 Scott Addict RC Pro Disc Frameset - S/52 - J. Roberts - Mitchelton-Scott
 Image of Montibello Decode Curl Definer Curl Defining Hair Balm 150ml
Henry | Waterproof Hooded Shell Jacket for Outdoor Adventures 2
* * *
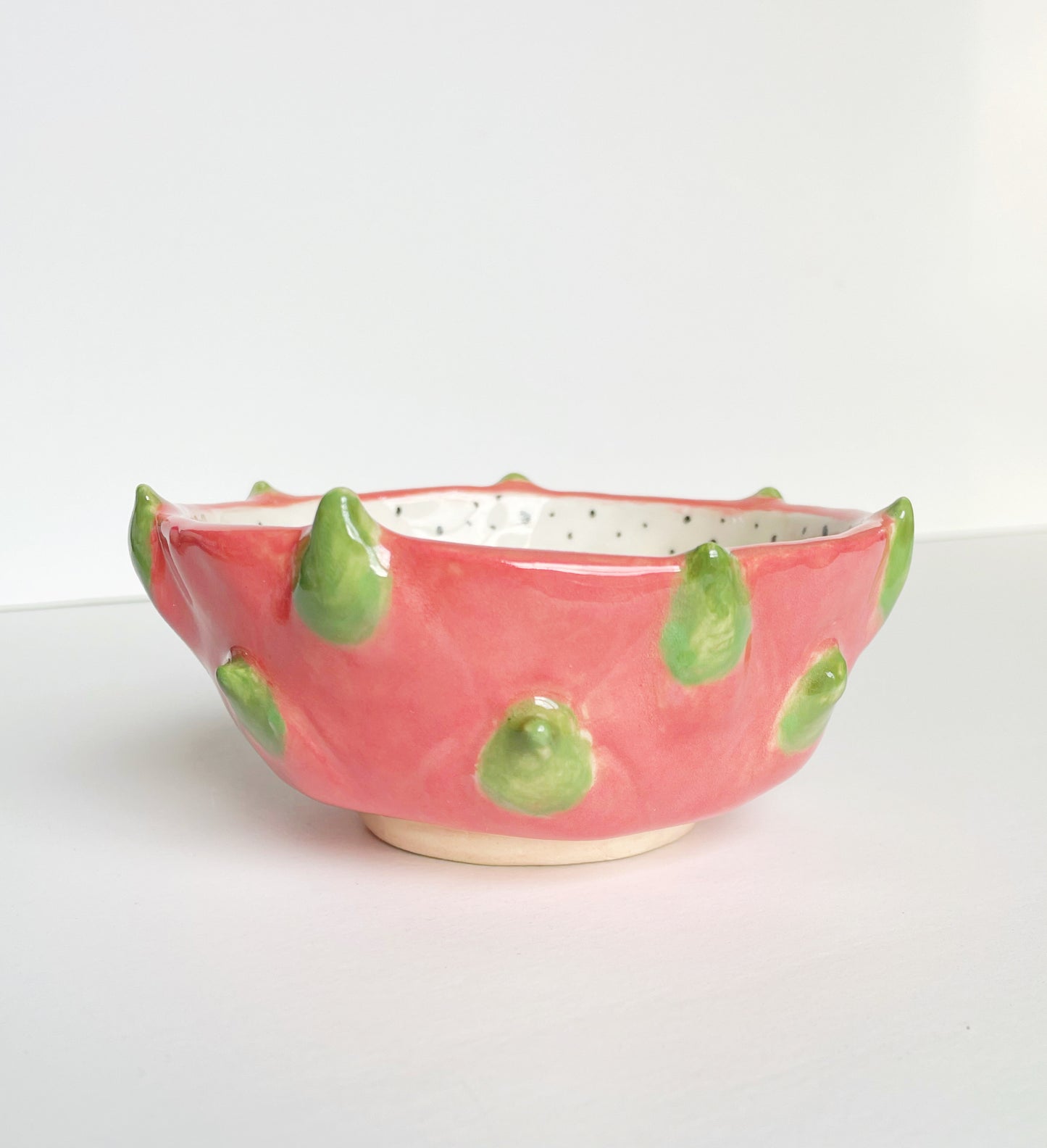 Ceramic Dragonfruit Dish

■ Your objective ■
Starting at the line above that holds "Scott Addict RC" and ending at the line that holds "Henry | Waterproof", transcribe each line exactly and include no other lines.

■ Output below ■
 Scott Addict RC Pro Disc Frameset - S/52 - J. Roberts - Mitchelton-Scott
 Image of Montibello Decode Curl Definer Curl Defining Hair Balm 150ml
Henry | Waterproof Hooded Shell Jacket for Outdoor Adventures 2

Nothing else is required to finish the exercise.